True, no Cambodian-style massacre took place in Viet Nam. It’s just that Hanoi coolly drives its ethnic Chinese and opponents into the sea.

Are we journalists not in part responsible for the death of the tens of thousands who drowned? And are we not in part responsible for the hostile reception accorded to those who survive? Did we not turn public opinion against them, portraying them, as one singularly ignoble cartoon did in the United States, as a bunch of pimps, whores, war profiteers, corrupt generals, or, at best, outright reactionaries?

Considering that today’s Viet Nam tragedy may have a lot to do with the way we reported yesterday’s Viet Nam tragedy, considering that we journalists might have our fair share of guilt for the inhuman way the world treats those who are being expelled by an inhuman regime which some of us had pictured as heroic, I think at least a little humility would be in order for us old Viet Nam hands. . .


Ah well, history repeats as farce:


How to Lose A War: The Press and Viet Nam
By Robert Elegant

Reprinted from Encounter (London), vol. LVII, No. 2, August 1981, pp. 73-90


Instructive on a larger scale is the contrast between the coverage of the American massacre at My Lai and the Viet Cong massacre at Hue. At My Lai, a junior American officer allowed his men to kill dozens of presumably uninvolved farmers in full violation of standing orders.

At Hue, the former imperial capital, the Viet Cong killed several thousand community leaders, including a number of Europeans, in accordance with standing orders to “destroy the bourgeoisie.” The U.S. military’s attempt to suppress reports of the My Lai massacre, of course, made it even worse when the story was finally released by the Dispatch News Agency, a curious organization that came into existence in Viet Nam with unknown financial backing and vanished once its purpose of opposing the war had brought Hanoi victory.

But the Hue massacre was, somehow, uninteresting. Few correspondents reported that clear signal of the real policies the North Vietnamese would pursue once they had conquered the South.
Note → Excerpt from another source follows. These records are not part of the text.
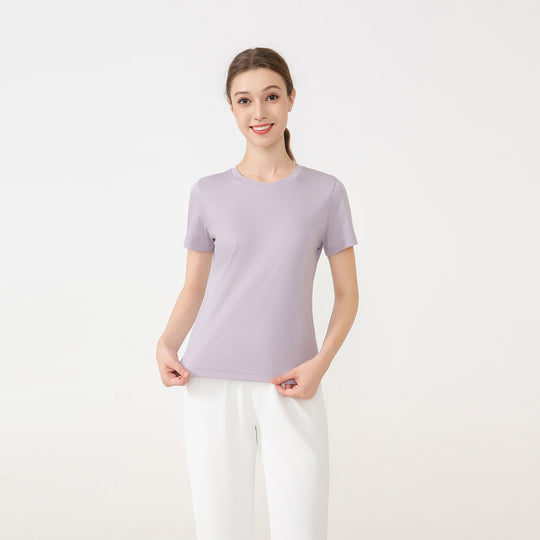 Damen klassisches Rundhals Baumwoll T-Shirt mit kurzem Arm und figurfreundlichem Schnitt EB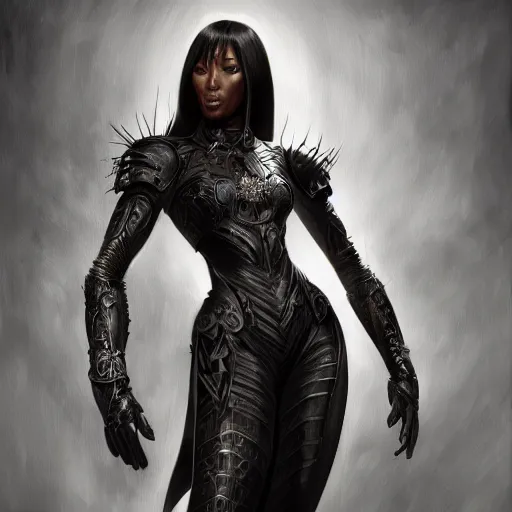 Prompt: full figure ultra realistic illustration, naomi campbell wearing black armor, intricate, elegant, highly detailed, digital painting, artstation, concept art, smooth, sharp focus, illustration, art by artgerm and greg rutkowski and alphonse mucha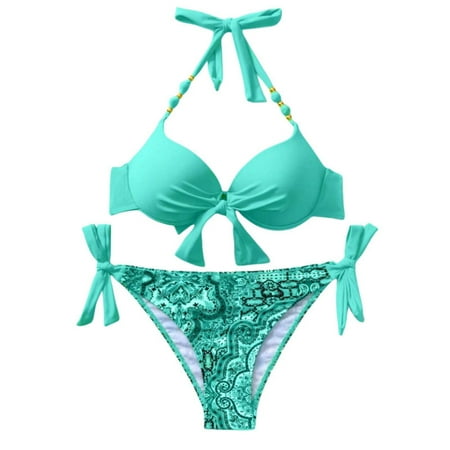 ZQGJB Womens Bikini Set Removable Pad Bikinis Top with Underwire Sexy Push Up Swimwear Adjustable Side Tie Swimsuit Bathing Suit(Sky Blue XL)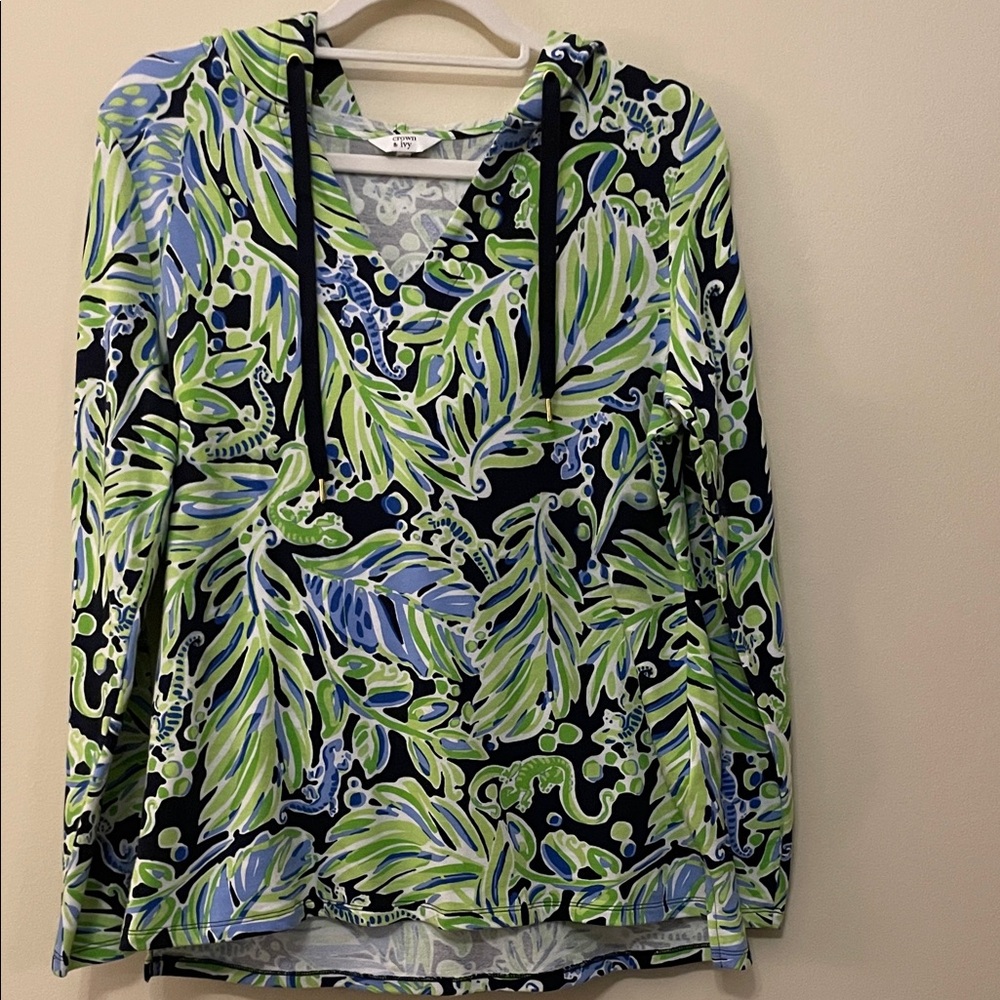 Crown & Ivy Multicolor Leaf Print Hoodie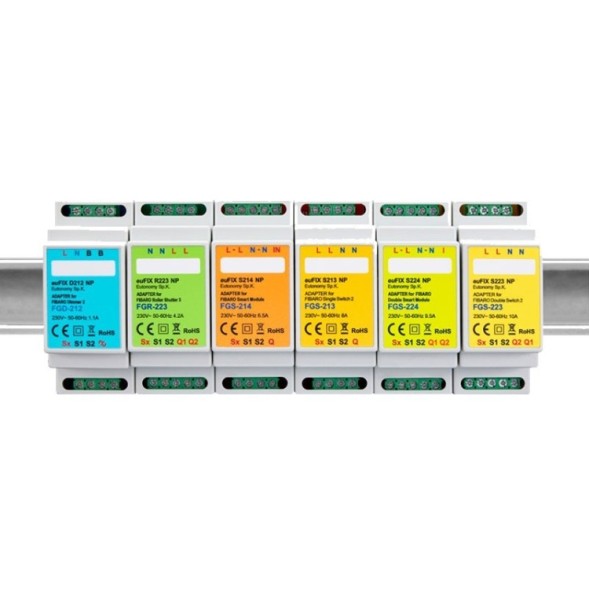 Adaptador carril DIN con botón para FIBARO Single Switch 2 FGS-213 y FGBHS-213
By the same token, American restraint was not news, even to the experienced correspondents, because it was a “non-event.” Flying in a command helicopter of the Ninth Division over the Mekong Delta, another U.S. correspondent and I heard the brigade commander countermand his battalion commander’s order to the infantry and the helicopter gunships to attack some 100 enemy who were pouring out of a surrounded village, still firing.

“Do not, repeat do not, attack,” the colonel directed. “They’re using women and children as shields.”

Neither my colleague nor myself thought the incident worth reporting; that was a palpable error of judgment induced by the atmosphere in which we were working. If the Ninth Division had killed the civilians, we would have filed copiously.